Jon » 26 April 2007 » In Interoperability, communications in emergencies » No Comments

I remember saying this when, in school, I was trying to get the hang of adding and multiplying polynomials. (Full disclosure: I passed Calculus I, but apparently by virtue of lax standards and/or divine intervention). So when you hear government officials testifying about how difficult - how nearly impossible it is to make communications systems interoperable - be skeptical.

If you’re mystifed by how government agencies could manage voice/data wireless interoperability - take a look at Communications Applied Technology.

While the company is based in Virginia (for my nearby neighbors, Virginia is a state just south of Washington, D.C.; very scenic; for everyone else, just remember that New Yorkers are very provincial and ignorant of geography outside of the tri-state area), the intellectual engine behind this firm comes from the borough that brought you Jackie Robinson, Al Capone (yes, from Brooklyn, not Chicago), abolitionism, the Broooklyn Dodgers, Coney Island, Olmsted and Vaux’s masterpiece Prospect Park. and Stanley Kaplan - the man who put the lie to the notion that the SAT was a test of good breeding.

You don’t need to be a big gearhead to see that C-AT has already designed solutions that directly address comms interoperability problems. If we’d had this gear in the hands of the NYPD and NYFD on 9/11 our hearts might be a bit less broken.

icrinextel.gif This is just one model in a series of “Incident Commanders’ Radio Interface(s)” - it can connect one wireless telephone - and, according to C-AT, “provides a rugged, highly-portable, radio cross-band (VHF, UHF, 800MHz), cross platform (digital/analog, trunked/talk-around, AM/FM) capability for mutual aid operations.”
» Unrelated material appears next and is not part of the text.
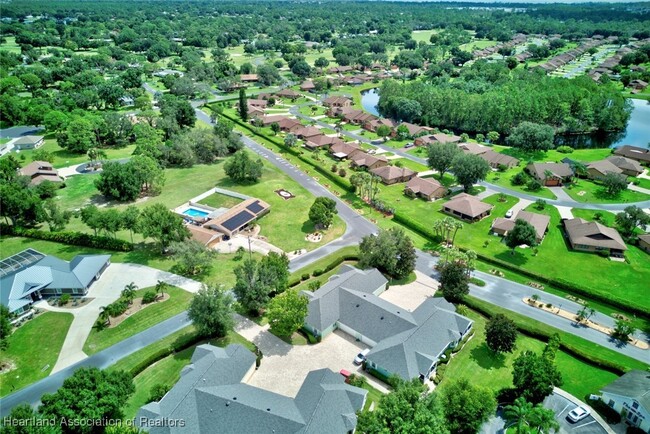 Building Photo - 4103 Bogey Blvd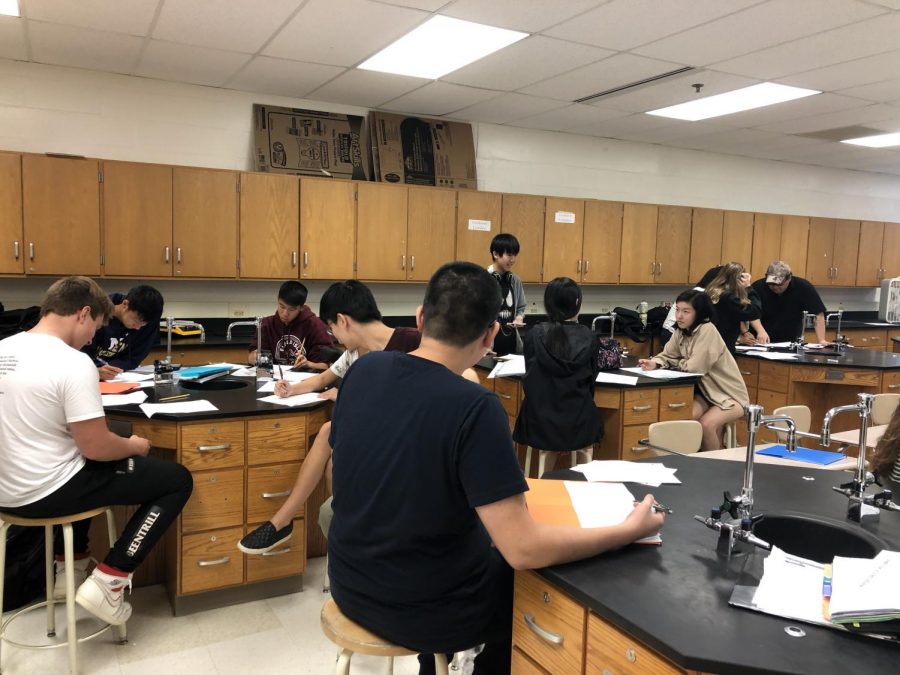 Students in Mr. Lees fourth period have an extremely large class. WIth over 36 students, the overcrowding in the class can greatly affect Lees attention and ability to work with all of his students equal.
In lay terms, this means that, in an emergency in, say, a tunnel, an incident commander can get the EMS, NYPD, Red Cross, and one or two federal agencies working together in two “talk groups.” I suppose the phone interface is best used to relay messages to entities not on radio nets (elected officials arranging photo ops; utility contractors like Con Ed whose radio frequencies might not be immediately available).

The interoperability problem is - we’re repeating ourselves here - not a technical problem - and, given the scale of our economy, neither is it a problem of cost.

The model above measures 10″x3″x7″ - and weights 3.5 lbs. By way of comparison - a single hand-held radio (the Vertex 920) weighs 13.0 oz with battery, antenna and clip.

See our earlier post on the Justice Department’s IG report on interoperability between DOJ,DHS and Treasury law enforcement units here.

We’ve finished readng the IG’s report. As we’d expect, given the recent work of the DOJ IG under Glenn Fine - it’s well-written, and to the point. It’s redolent of pre-9/11 interagency sniping and foot-dragging, and a very crass joke, well-known in law enforcement circles, involving three dogs - each a search dog working for a different law enforcement agency. If  you’re not familiar with this joke - and know someone in federal law enforcement or intelligence circles - ask them. If you’re really curious, e-mail me privately - with the understanding that’s it’s told for historical/allegorical purposes. I tell jokes badly in person - worse via e-mail.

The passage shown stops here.